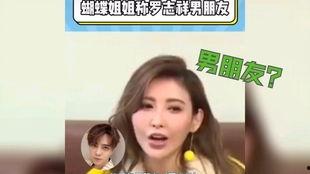 最近的娱乐吃瓜事件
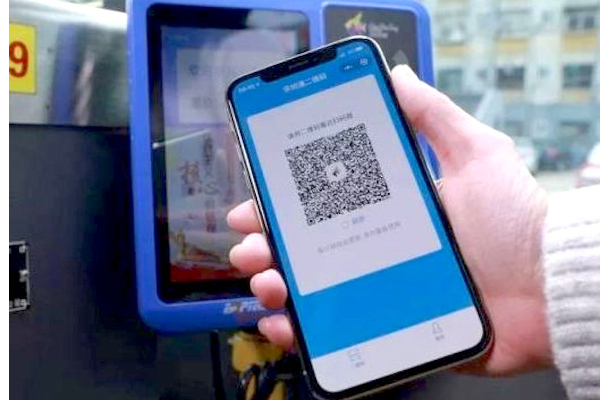 பேருந்து நடைமுறையில் வரவுள்ள புதிய மாற்றம்! - ஐபிசி தமிழ்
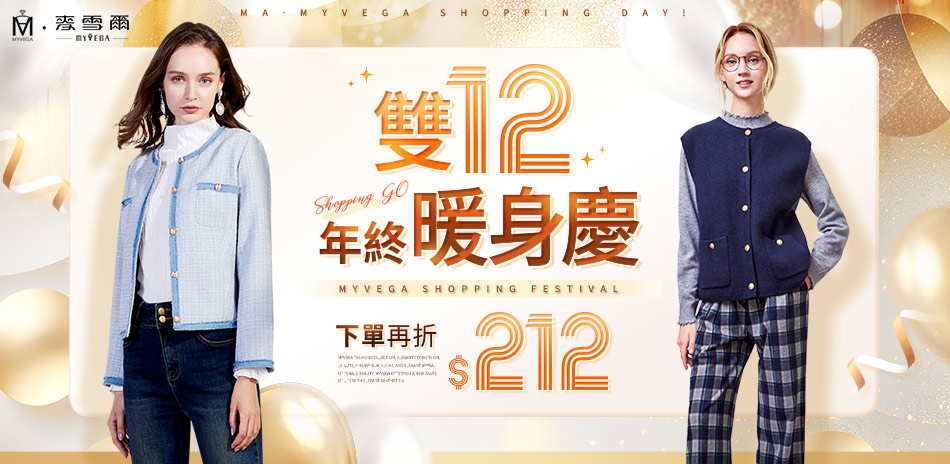 麥雪爾 雙12年終暖身慶 下單再折212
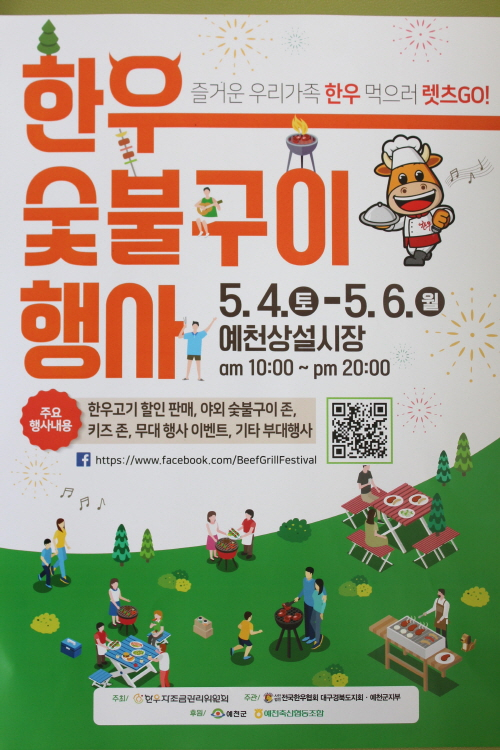 예천군, 한우숯불구이 축제(5.4~6)에 놀러 오세요.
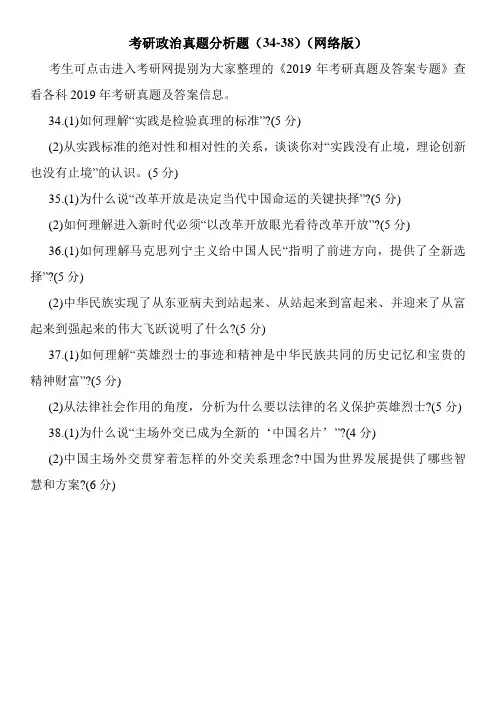 考研政治真题分析题(34-38)(网络版)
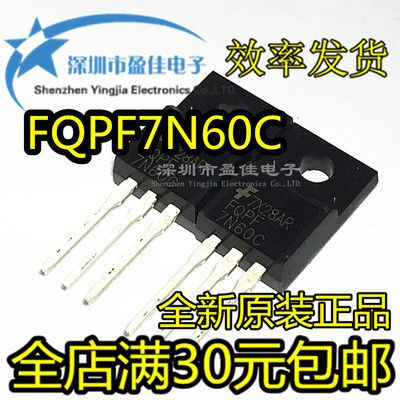 FQPF7N60C 场效应管三极管7A600V TO220F 7N60 全新现货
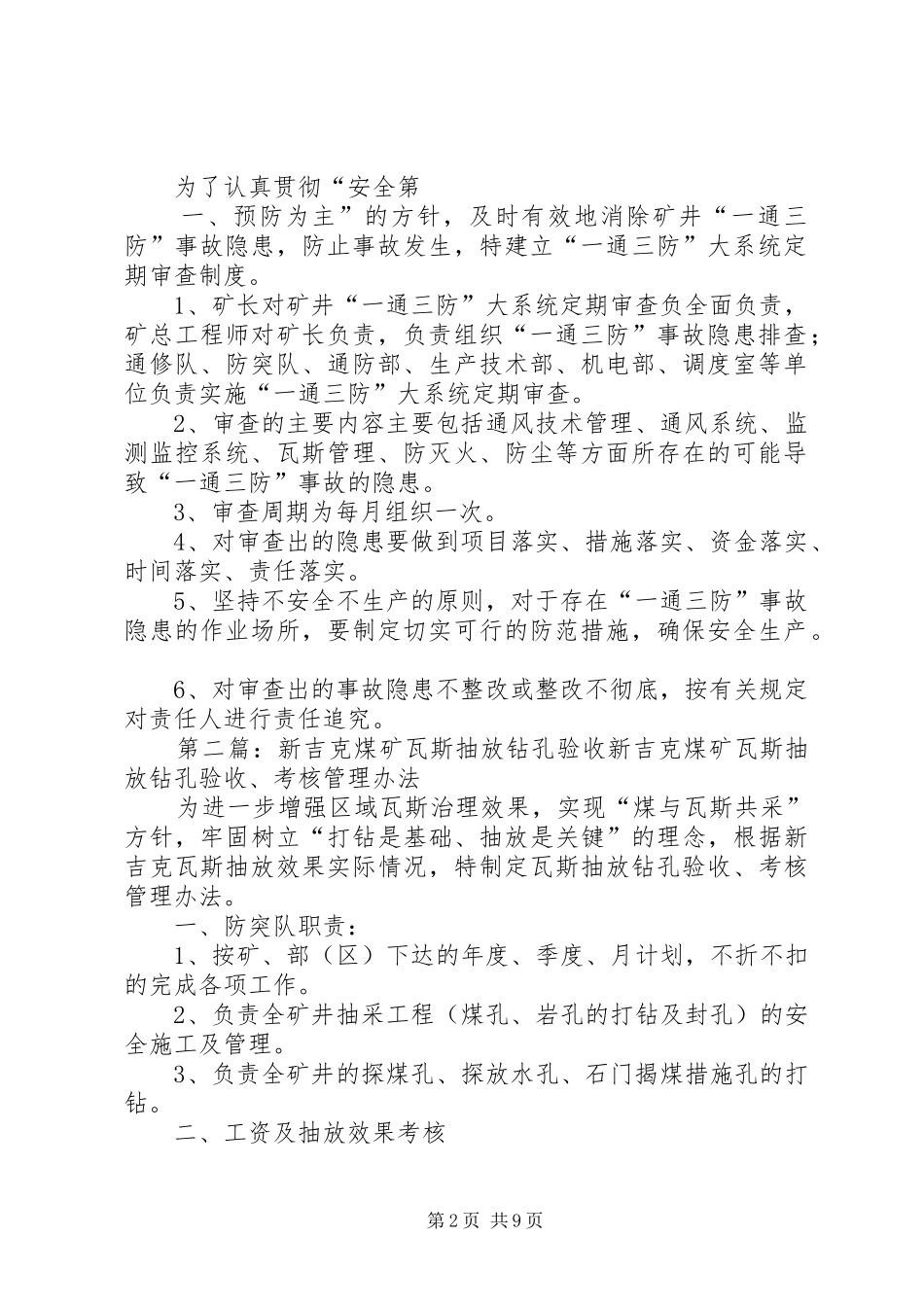 新吉克煤矿持续改进和完善瓦斯治理规章制度_第2页
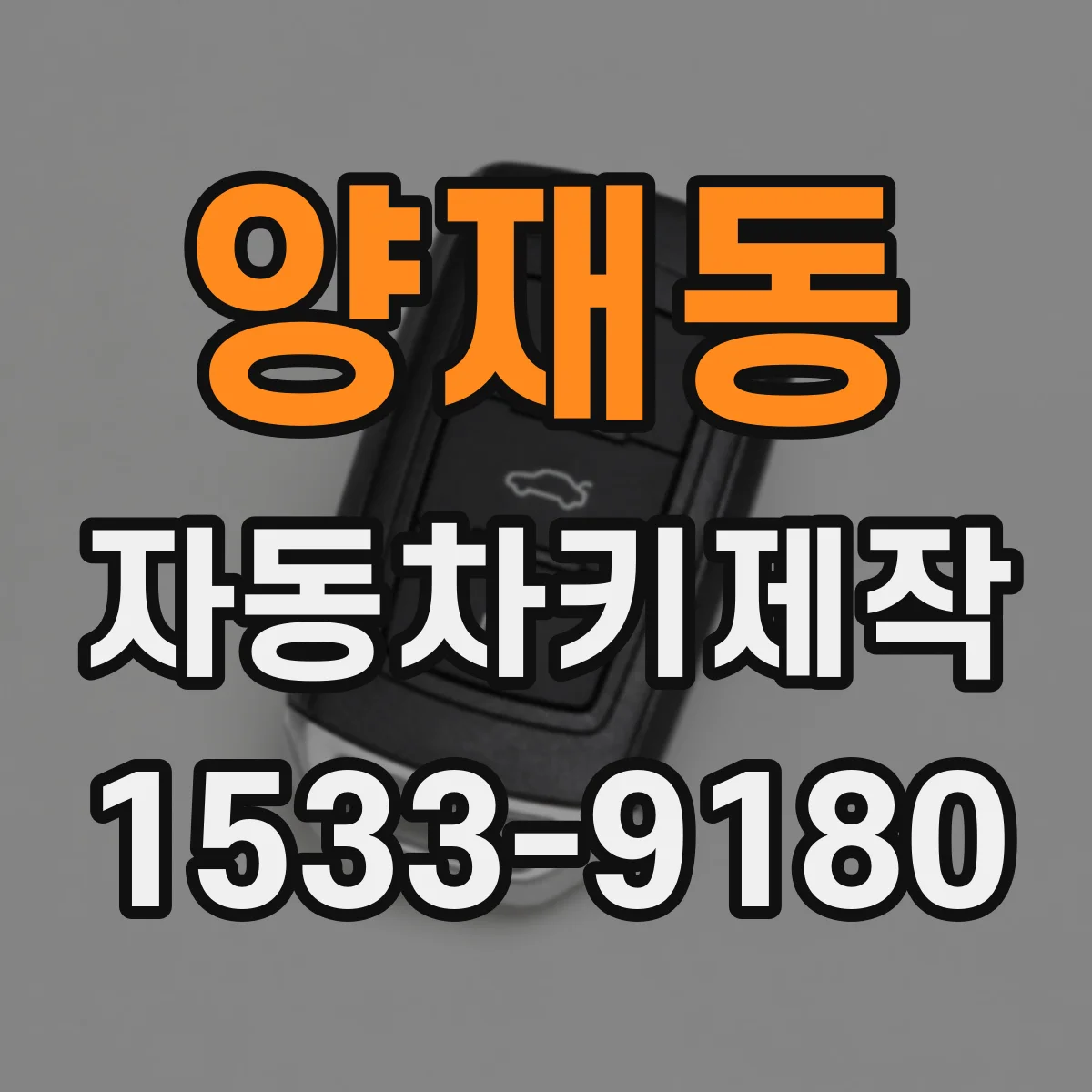 양재동 자동차키제작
------------------------
Everything in the listing must be copied exactly except the pictures.

 最近的娱乐吃瓜事件
 பேருந்து நடைமுறையில் வரவுள்ள புதிய மாற்றம்! - ஐபிசி தமிழ்
 麥雪爾 雙12年終暖身慶 下單再折212
 예천군, 한우숯불구이 축제(5.4~6)에 놀러 오세요.
 考研政治真题分析题(34-38)(网络版)
 FQPF7N60C 场效应管三极管7A600V TO220F 7N60 全新现货
 新吉克煤矿持续改进和完善瓦斯治理规章制度_第2页
 양재동 자동차키제작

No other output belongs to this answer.